----- SUPPLIED RECORDS

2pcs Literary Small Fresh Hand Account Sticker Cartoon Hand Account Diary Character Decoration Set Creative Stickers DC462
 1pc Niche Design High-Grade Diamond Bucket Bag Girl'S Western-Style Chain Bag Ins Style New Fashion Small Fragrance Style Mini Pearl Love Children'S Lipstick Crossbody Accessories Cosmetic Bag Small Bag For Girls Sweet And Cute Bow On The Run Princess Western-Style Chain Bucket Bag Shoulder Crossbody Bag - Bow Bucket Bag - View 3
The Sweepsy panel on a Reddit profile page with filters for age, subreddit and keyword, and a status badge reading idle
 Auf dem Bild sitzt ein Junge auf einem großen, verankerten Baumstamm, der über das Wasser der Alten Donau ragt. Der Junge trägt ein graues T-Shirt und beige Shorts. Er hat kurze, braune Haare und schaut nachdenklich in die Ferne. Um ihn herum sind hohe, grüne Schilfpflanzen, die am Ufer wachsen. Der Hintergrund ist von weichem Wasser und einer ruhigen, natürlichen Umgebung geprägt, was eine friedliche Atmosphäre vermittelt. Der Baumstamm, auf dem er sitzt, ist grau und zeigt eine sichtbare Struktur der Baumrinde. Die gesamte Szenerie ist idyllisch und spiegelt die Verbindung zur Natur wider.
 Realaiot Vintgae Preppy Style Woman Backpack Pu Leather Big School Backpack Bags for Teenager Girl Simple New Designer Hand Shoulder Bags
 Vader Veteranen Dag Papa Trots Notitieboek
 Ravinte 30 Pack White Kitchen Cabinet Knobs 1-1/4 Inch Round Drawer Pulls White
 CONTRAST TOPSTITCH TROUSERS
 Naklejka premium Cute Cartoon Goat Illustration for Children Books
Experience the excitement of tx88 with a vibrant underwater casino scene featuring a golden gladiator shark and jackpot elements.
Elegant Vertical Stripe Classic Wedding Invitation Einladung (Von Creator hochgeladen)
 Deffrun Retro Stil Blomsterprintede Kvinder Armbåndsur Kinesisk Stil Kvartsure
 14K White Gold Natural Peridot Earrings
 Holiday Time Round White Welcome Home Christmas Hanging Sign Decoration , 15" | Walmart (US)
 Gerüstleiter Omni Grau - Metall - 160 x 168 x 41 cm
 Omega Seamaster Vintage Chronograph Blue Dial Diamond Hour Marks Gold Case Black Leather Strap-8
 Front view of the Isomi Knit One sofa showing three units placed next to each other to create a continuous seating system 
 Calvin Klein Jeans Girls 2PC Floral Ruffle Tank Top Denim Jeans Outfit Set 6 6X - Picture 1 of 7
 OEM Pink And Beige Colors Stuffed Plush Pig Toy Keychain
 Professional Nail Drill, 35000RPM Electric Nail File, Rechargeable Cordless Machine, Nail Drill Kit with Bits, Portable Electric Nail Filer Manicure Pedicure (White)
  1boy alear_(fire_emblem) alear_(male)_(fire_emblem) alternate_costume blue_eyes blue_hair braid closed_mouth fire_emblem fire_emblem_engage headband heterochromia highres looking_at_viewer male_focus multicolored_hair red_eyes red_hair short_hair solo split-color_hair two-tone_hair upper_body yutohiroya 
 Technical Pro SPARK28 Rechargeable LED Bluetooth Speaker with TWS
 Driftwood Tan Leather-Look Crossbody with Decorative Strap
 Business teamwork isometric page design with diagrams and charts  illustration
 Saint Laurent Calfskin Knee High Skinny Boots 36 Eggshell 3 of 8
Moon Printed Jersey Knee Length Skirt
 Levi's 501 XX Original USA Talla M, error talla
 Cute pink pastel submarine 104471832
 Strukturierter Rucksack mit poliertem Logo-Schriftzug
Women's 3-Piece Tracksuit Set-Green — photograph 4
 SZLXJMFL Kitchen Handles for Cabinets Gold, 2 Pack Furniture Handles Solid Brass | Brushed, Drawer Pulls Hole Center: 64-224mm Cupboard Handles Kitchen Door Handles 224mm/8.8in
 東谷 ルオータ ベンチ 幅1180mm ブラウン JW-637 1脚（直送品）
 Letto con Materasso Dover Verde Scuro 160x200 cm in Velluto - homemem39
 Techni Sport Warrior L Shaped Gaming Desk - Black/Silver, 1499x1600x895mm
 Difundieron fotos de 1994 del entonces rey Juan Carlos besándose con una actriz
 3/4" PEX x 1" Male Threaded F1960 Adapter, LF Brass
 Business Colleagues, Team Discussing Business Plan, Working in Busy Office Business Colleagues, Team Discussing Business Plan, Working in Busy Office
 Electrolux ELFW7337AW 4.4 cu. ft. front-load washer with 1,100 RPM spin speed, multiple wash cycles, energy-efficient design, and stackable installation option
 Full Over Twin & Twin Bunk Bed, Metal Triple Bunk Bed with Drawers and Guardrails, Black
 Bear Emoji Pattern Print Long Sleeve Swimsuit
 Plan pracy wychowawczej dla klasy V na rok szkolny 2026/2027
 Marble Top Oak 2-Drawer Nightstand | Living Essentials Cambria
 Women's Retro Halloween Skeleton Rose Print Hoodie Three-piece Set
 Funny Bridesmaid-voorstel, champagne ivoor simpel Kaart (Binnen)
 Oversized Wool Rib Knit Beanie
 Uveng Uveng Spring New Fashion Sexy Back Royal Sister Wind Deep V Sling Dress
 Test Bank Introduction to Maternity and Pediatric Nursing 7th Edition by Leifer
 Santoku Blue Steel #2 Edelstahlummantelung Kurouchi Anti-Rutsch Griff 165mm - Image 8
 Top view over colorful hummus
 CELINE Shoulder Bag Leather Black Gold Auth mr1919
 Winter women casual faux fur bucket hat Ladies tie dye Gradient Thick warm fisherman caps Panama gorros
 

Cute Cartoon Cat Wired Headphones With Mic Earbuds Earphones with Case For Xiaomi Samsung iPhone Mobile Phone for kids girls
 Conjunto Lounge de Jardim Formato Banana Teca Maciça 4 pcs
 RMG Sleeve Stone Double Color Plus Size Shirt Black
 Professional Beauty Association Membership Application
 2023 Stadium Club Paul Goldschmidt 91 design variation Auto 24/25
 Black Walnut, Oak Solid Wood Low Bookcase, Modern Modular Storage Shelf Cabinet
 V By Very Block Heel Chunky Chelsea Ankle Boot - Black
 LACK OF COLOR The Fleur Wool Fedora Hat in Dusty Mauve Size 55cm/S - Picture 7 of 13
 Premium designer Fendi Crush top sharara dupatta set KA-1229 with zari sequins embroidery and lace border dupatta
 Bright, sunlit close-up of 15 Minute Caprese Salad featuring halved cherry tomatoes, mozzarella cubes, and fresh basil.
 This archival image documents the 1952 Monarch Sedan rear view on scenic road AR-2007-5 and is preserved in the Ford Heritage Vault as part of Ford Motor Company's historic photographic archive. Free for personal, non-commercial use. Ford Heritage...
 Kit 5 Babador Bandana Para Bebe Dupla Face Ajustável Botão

----------

TASK BRIEF: Look through the entries above, and wherever a line holds the string "Professional", copy it.

EXERCISE OUTPUT:
 Professional Nail Drill, 35000RPM Electric Nail File, Rechargeable Cordless Machine, Nail Drill Kit with Bits, Portable Electric Nail Filer Manicure Pedicure (White)
 Professional Beauty Association Membership Application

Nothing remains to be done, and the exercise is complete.